• _Assigned task_: Using the data that follows, give again word for word the lines between the one holding "istock Top view" and the one holding "Mayfairloom minimalist wool", inclusive. Omit the pictures.

(Web page caption snippets)
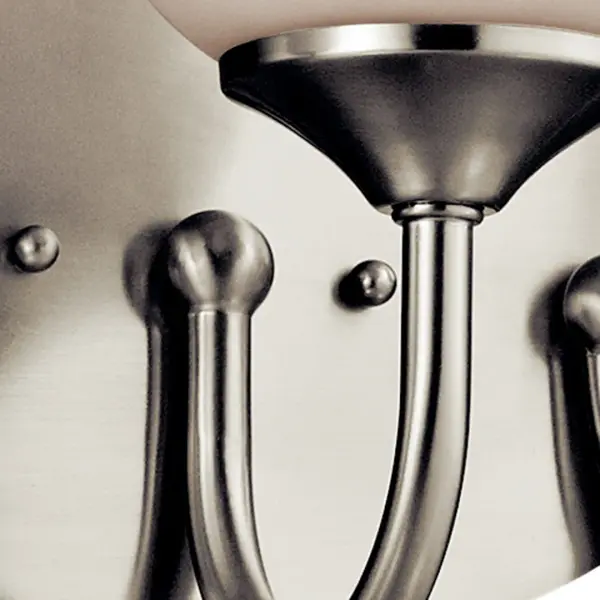 The Aubrey 3-Light Vanity Light combines timeless design with practical functionality. Its brushed nickel finish and satin etched opal glass shades provide soft, even illumination perfect for bathroom tasks. - alternate view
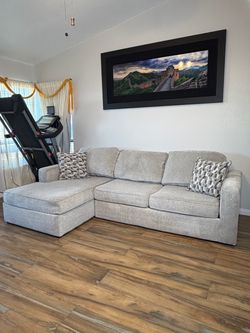 Gray Living Spaces Sectional Sofa with Chaise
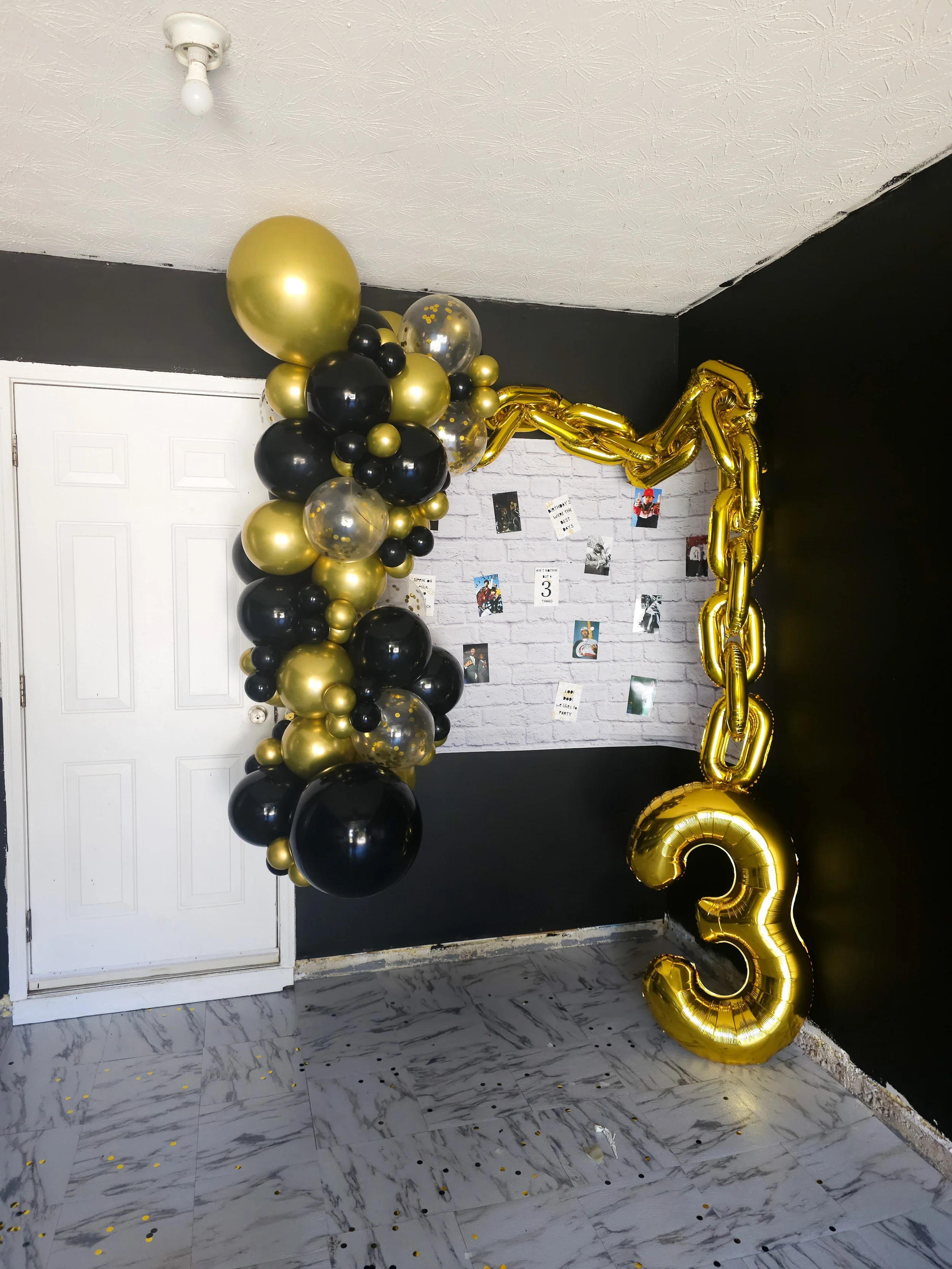 black and gold balloon garland for a kid's birthday party in Atlanta
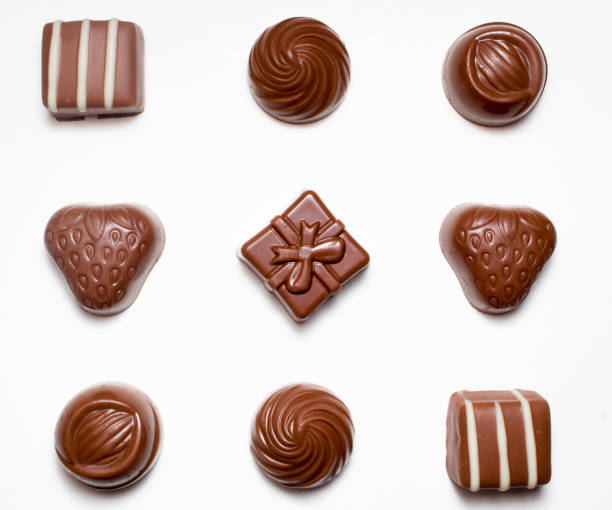 istock Top view of chocolates isolated on white background. 1329663400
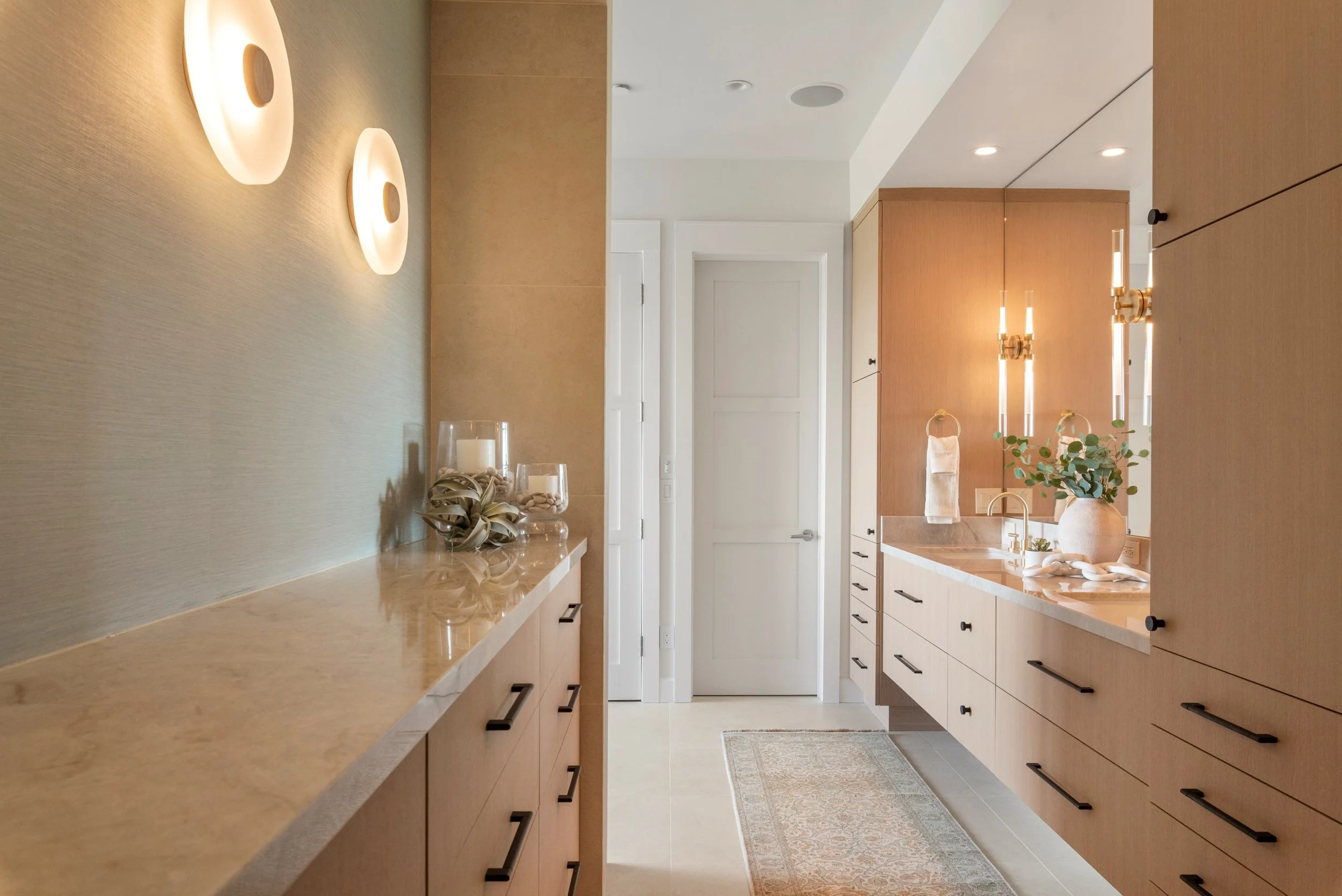 Luxury primary bathroom renovation in Tiburon designed by Marin interior designer Studio SQUIRE featuring white oak custom casework, quartzite countertops, satin brass plumbing fixtures, and oil rubbed bronze cabinet hardware.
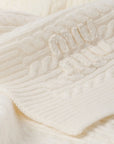 Miu Miu cable-knit cashmere throw.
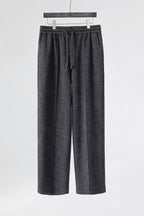 Mayfairloom minimalist wool pants featuring a sleek, tailored fit and neutral color, displayed on a mannequin.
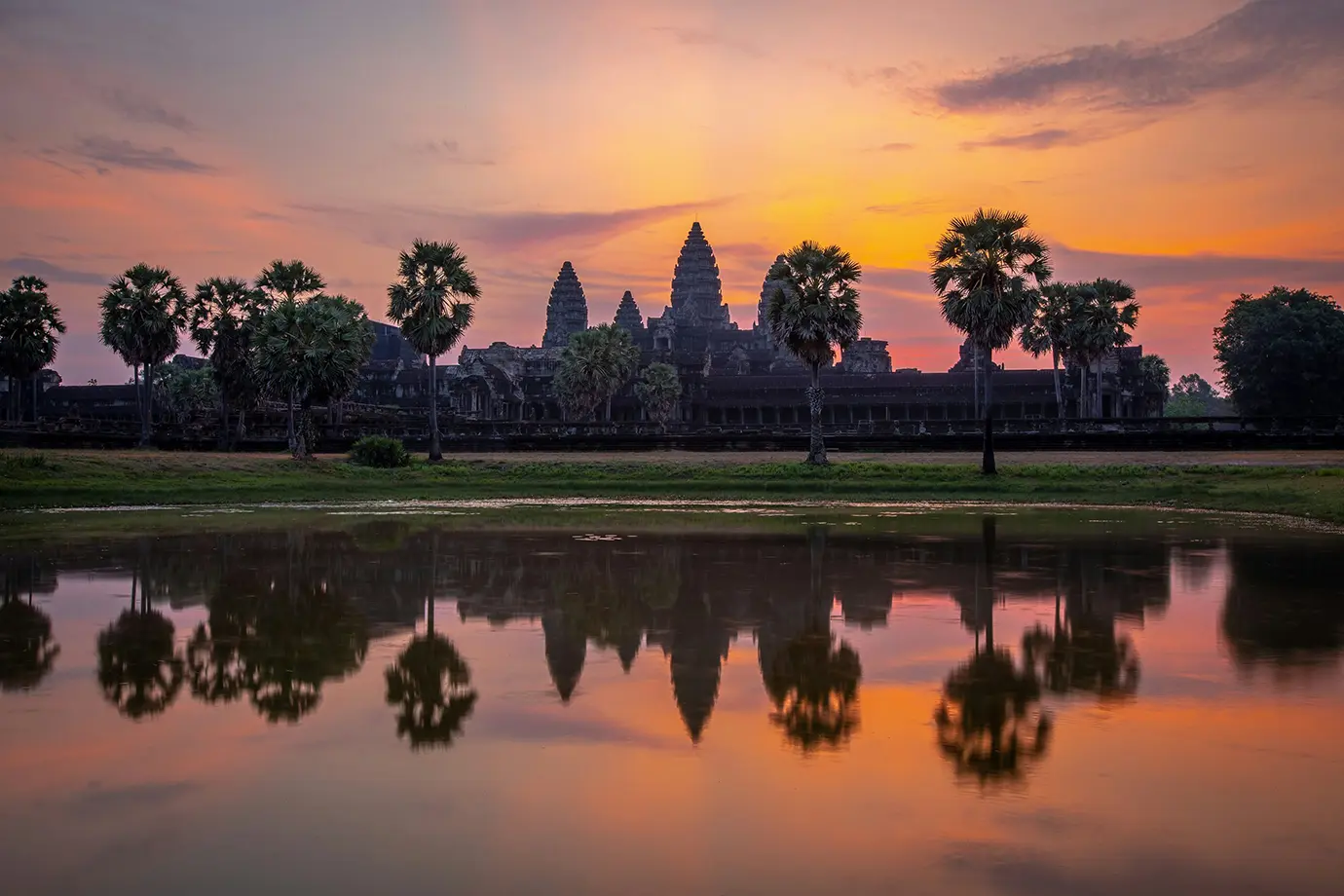 A symmetrical reflection of Angkor Wat and surrounding palm trees across the tranquil moat during a vibrant orange sunrise featured in a travel guide on Cambodia Itinerary.
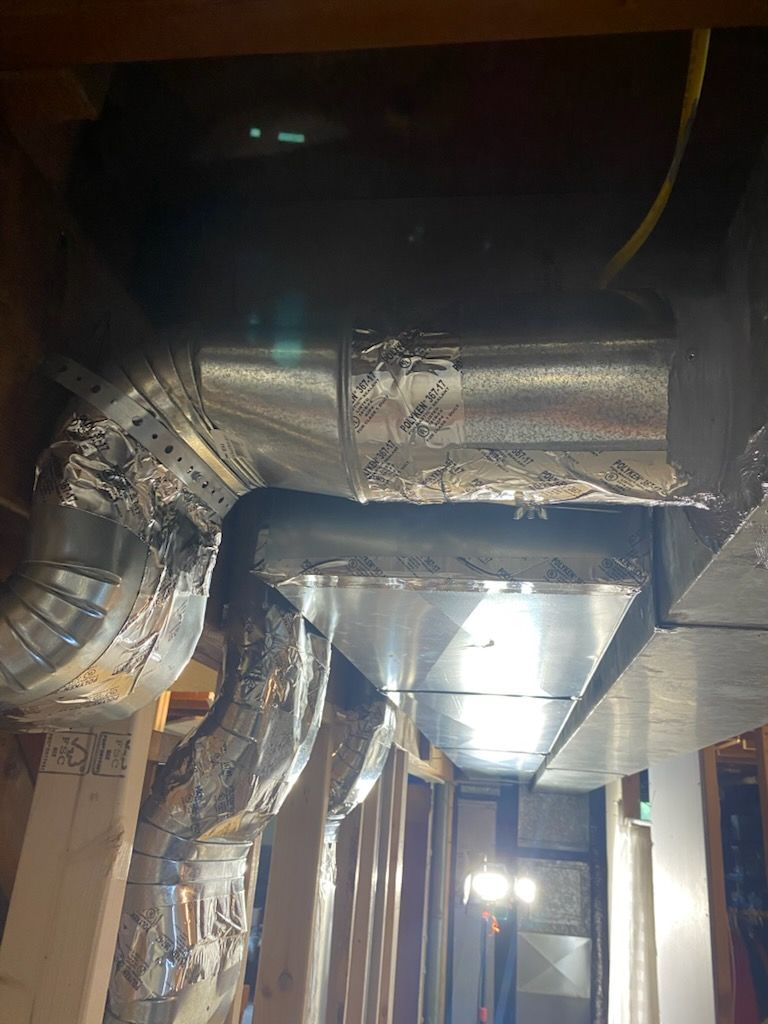 Dim industrial ceiling with shiny silver HVAC ductwork and exposed pipes under bright lights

• _Your response_:
 istock Top view of chocolates isolated on white background. 1329663400
 Luxury primary bathroom renovation in Tiburon designed by Marin interior designer Studio SQUIRE featuring white oak custom casework, quartzite countertops, satin brass plumbing fixtures, and oil rubbed bronze cabinet hardware.
 Miu Miu cable-knit cashmere throw.
 Mayfairloom minimalist wool pants featuring a sleek, tailored fit and neutral color, displayed on a mannequin.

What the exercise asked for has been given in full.